I thought I would do things a little differently this year and incorporate off camera flash in my shots. I spent about two hours with my buddy Mike Preston, just walking through the streets of downtown Norfolk looking for compelling people to photograph.

Here is a man I spotted passing by on his bike who allowed me to photograph him. I used three 580EXIIs mounted on one light stand, gelled with 1/2 CTOs, shooting through an umbrella.

After the photo walk, we had lunch at Gillians in Norfolk; bad food and bad service but getting to meet other photographers was worth it.

I made it home, changed my clothes, and made it to the Williamsburg walk just in time to be late. I eventuallty met up with the other shooters. Here is one of the shots I took in Williamsburg. I took a similar shot a few months ago but this time I added flash to the moving subject. Again, I purposefuly underexposed the ambient light and cranked up the flashes.
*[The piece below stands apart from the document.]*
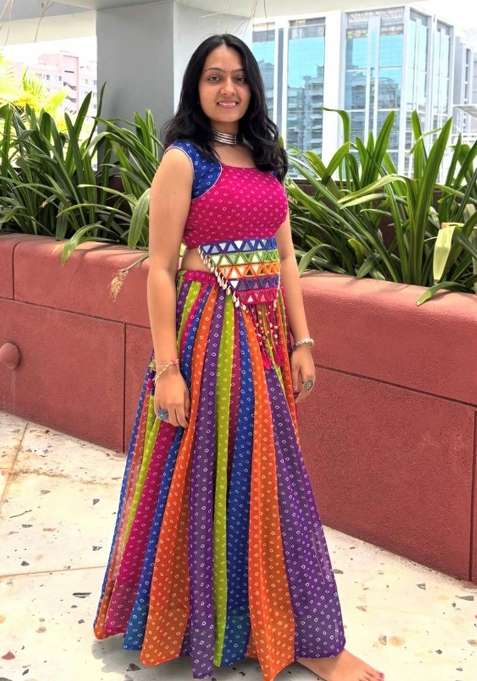 Multicolor Mirror Work Georgette Chaniya Choli Set For Navratri And Garba for Diwali | Wedding & Festive Wear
All in all, it was a fun day. I didn't get any award winning shots but it was nice to just get out there and strobe.

Tuesday, July 14, 2009

Ticked Off

I often go to great lengths to capture a compelling photo. I've been knee deep in fast flowing waters, standing on slippery rocks, trying to balance myself and my tripod/camera at the same time to capture a shot of the Upper Provo River, Utah. Seen here.

I was in a open helicopter (no side windows), leaning out over jagged knife like rocks and cliffs to capture a breathtaking scene of a reflected rainbow in Kauai. Seen here.

But, my scariest moment involving my camera was......
...last night when I found a tick on my back. I was at a local park near dusk photographing Ajike in her wedding dress this past Saturday. There were several times where I placed myself in high grass/weeds, thorn bushes, and layed in the grass to get the right angle and perspective. (She was low, so I got low)

Another shot from the same night

I went home with several mosquito bites all over me. Two days later, after scratching the itchy bites profusely, they turned into scabs. I felt what I thought to be a large scab on my back and checked it in the mirror. I asked my wife to look at it and from her initial reaction I knew it was a tick. ARRRRGGGHHH! I hate ticks! She got the tweezers and safety pin and dug that buried sucker out.

Note to self: Do a thorough check after an outdoor photoshoot
stay in the safe confines of a studio!